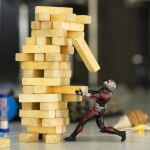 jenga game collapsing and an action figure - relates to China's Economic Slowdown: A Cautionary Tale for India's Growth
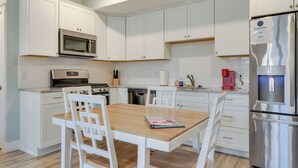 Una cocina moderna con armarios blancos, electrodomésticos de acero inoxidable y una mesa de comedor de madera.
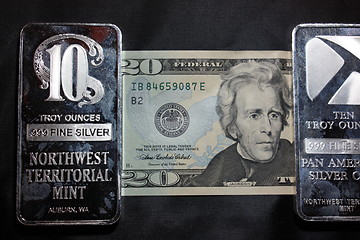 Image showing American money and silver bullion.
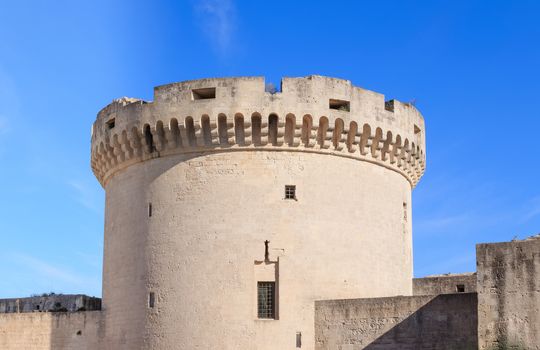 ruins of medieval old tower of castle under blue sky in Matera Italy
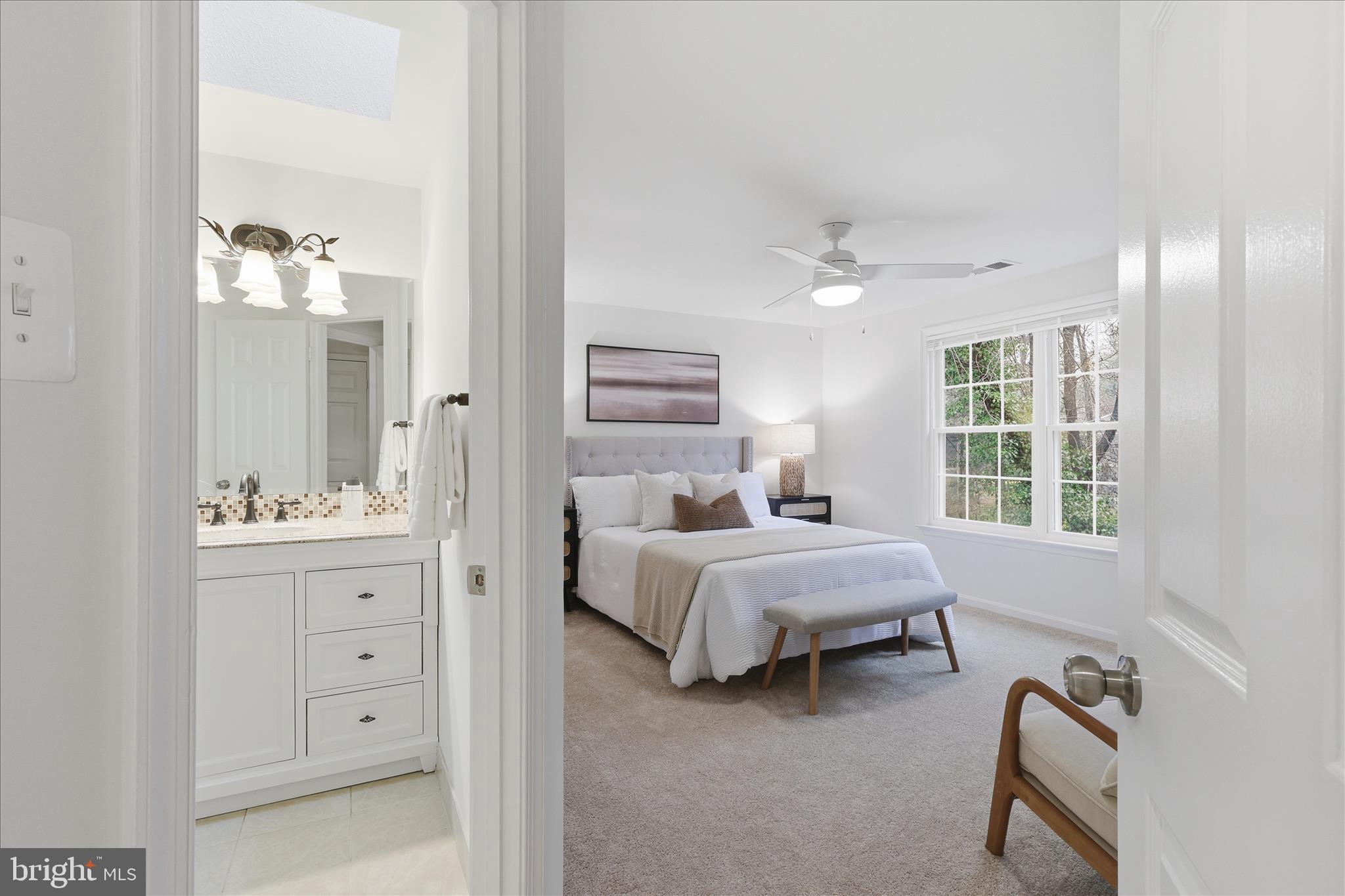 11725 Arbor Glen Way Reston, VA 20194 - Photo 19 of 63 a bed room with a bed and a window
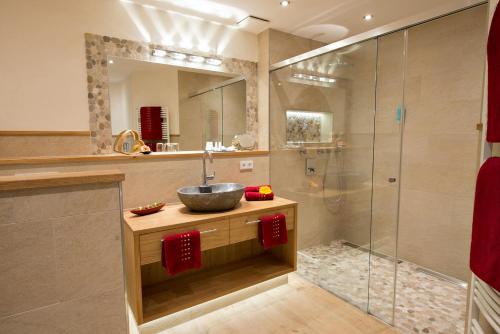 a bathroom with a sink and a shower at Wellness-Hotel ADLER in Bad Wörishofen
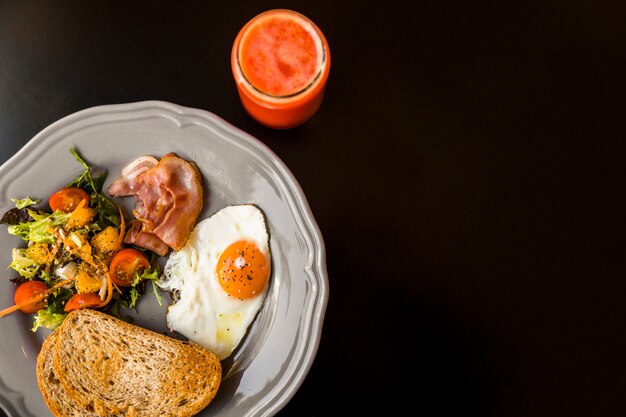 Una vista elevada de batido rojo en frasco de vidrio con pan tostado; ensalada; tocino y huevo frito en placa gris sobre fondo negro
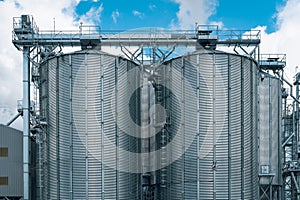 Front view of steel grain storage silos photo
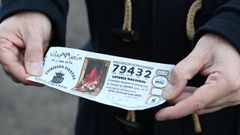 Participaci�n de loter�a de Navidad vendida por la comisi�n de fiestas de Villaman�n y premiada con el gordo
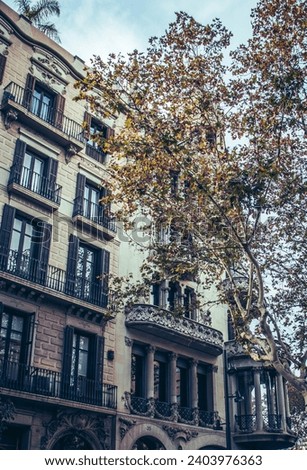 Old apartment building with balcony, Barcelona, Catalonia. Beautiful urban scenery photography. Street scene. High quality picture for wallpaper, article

__________________________________________________

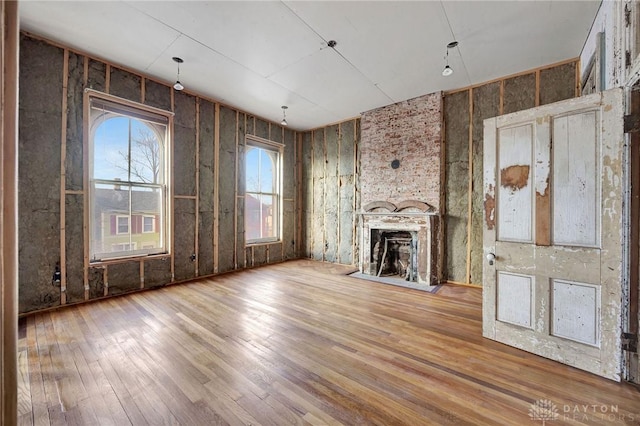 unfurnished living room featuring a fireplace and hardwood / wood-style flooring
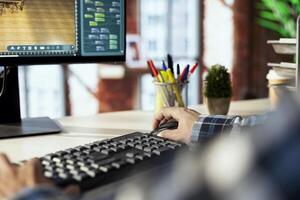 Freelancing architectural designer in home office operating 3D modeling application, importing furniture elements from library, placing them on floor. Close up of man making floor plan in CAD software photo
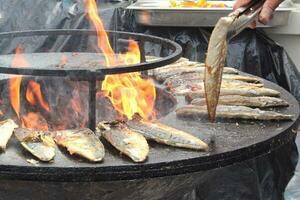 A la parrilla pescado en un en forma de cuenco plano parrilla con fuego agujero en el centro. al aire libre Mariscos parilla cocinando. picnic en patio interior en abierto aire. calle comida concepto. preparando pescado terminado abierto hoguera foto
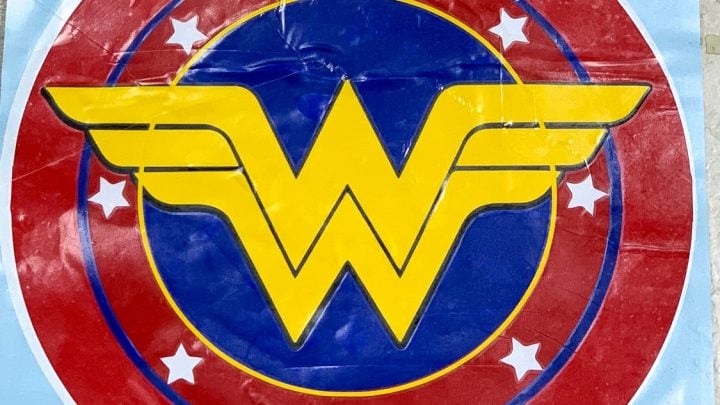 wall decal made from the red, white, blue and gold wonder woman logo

__________________________________________________

▶ **EXERCISE**:
All pictures are to be skipped. Output, word for word, the lines in the data above starting at the line containing "Una vista elevada" and ending at the line containing "Old apartment building".

▶ **COMPLETED EXERCISE**:
 Una vista elevada de batido rojo en frasco de vidrio con pan tostado; ensalada; tocino y huevo frito en placa gris sobre fondo negro
 Front view of steel grain storage silos photo
 Participaci�n de loter�a de Navidad vendida por la comisi�n de fiestas de Villaman�n y premiada con el gordo
 Old apartment building with balcony, Barcelona, Catalonia. Beautiful urban scenery photography. Street scene. High quality picture for wallpaper, article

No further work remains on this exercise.